30/03/2026
Ich erkläre es gerne noch einmal – und diesmal vielleicht ein bisschen deutlicher, aber mit dem gleichen Ziel: Verständnis.
Wir sind leider der falsche Adressat für Beschwerden darüber, dass es in unserer kostenfreien und freiwilligen Restplatzbörse kaum Plätze für Mütter/Väter mit nur einem Kind gibt. Und ja, ich verstehe absolut, wie frustrierend das ist. Wirklich.
Aber den Frust ausgerechnet bei den Menschen abzuladen, die versuchen zu helfen, ist ungefähr so sinnvoll wie sich über den Regenschirm zu beschweren, dass es regnet.
Es gibt diesen Spruch:
Selbst wenn du über Wasser gehen könntest, würden sich manche darüber beschweren, dass du nicht schwimmst.
Und genau so fühlt es sich manchmal an.
Unsere Nicole, inzwischen auch (zum Glück) Iris und grundsätzlich alle Kurberaterinnen geben jeden Tag alles. Sie versuchen für euch „übers Wasser zu gehen“ – auch wenn die Realität oft eher nach „gegen die Strömung schwimmen“ aussieht. Und das liegt nicht am Einsatz, sondern an den Rahmenbedingungen.
Die sind nämlich das eigentliche Problem.
Eine Kurklinik funktioniert wirtschaftlich ein bisschen wie ein Flugzeug:
Die Auslastung muss stimmen. Und dabei gibt es schlicht weniger „Sitzplätze“ für Familien mit nur einem Kind.
Rechnen wir es einmal ganz nüchtern durch:
Bei einem Tagessatz von etwa 85 € ergeben sich für 21 Tage rund 3.570 € mit einem Kind.
Mit zwei Kindern sind es 5.355 €, mit drei Kindern 7.140 €.
Das ist kein „Wunschdenken“, sondern wirtschaftliche Realität. Und selbst damit kämpfen die Kliniken. Zwei weitere Häuser werden 2027 schließen, weil sich der Betrieb zu diesen Sätzen schlicht nicht mehr darstellen lässt – die Krankenkassen erhöhen die Tagessätze nicht ausreichend.
Und dann kommt noch mehr dazu:
Kindergruppen müssen ausgelastet sein, Therapien müssen sinnvoll geplant werden, die Zusammensetzung der Familien muss passen. Es geht nicht nur ums Geld, sondern um ein komplexes Gesamtsystem, das funktionieren muss – organisatorisch, therapeutisch und wirtschaftlich.
Und ja, das ist unfair.
Besonders unfair ist es für Eltern mit nur einem Kind. Noch schwieriger wird es, wenn das Kind besondere Bedürfnisse hat. Da stößt man oft auf verschlossene Türen – und das tut weh, das verstehe ich.
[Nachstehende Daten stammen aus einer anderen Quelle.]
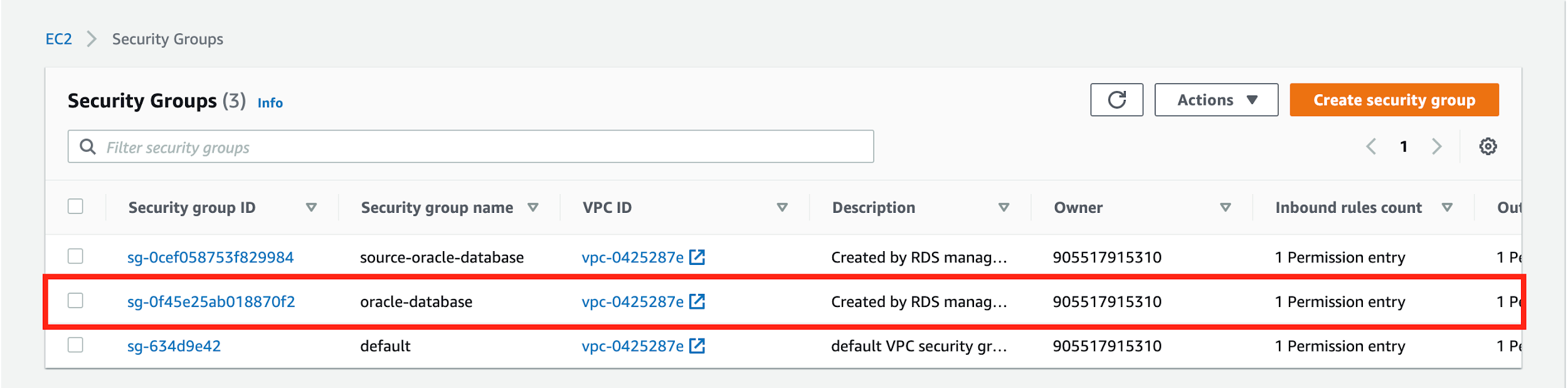 Add a rule to your security group to allow your replication instance to access your database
Wenn wir könnten, würden wir neue Kliniken eröffnen, statt zuzusehen, wie welche schließen. Aber die Realität ist gerade eine andere.
Was wir tun können:
Für besondere Kinder gibt es teilweise alternative Wege, die wir gemeinsam prüfen können. Und für Familien mit einem Kind bleibt nur eins: gemeinsam laut werden – Richtung Politik. Denn dort liegt das eigentliche Problem.
Man darf dabei nicht vergessen:
Dieses Kur-System gibt es so nur in Deutschland. Und es steht immer wieder zur Diskussion.
Die eigentliche Frage ist also:
Gehen wir weiterhin so miteinander um, dass der Frust immer wieder bei denen landet, die helfen wollen? Oder verstehen wir gemeinsam die Situation – auch wenn sie nicht fair ist?
Wir würden euch wirklich gerne Plätze „aus dem Ärmel schütteln“. Glaubt mir, das wäre auch für uns die einfachste Lösung. Aber wir arbeiten mit dem, was da ist – nicht mit dem, was wir uns wünschen.
Und trotzdem lassen wir euch nicht allein. Auch dann nicht, wenn gerade kein Restplatz verfügbar ist.
Ein großes Danke an Nicole, die das alles jeden Tag möglich macht.
Und danke an Iris, die einspringt, weil wir aktuell kaum hinterherkommen.
Wir sind da. Auch wenn wir nicht zaubern können.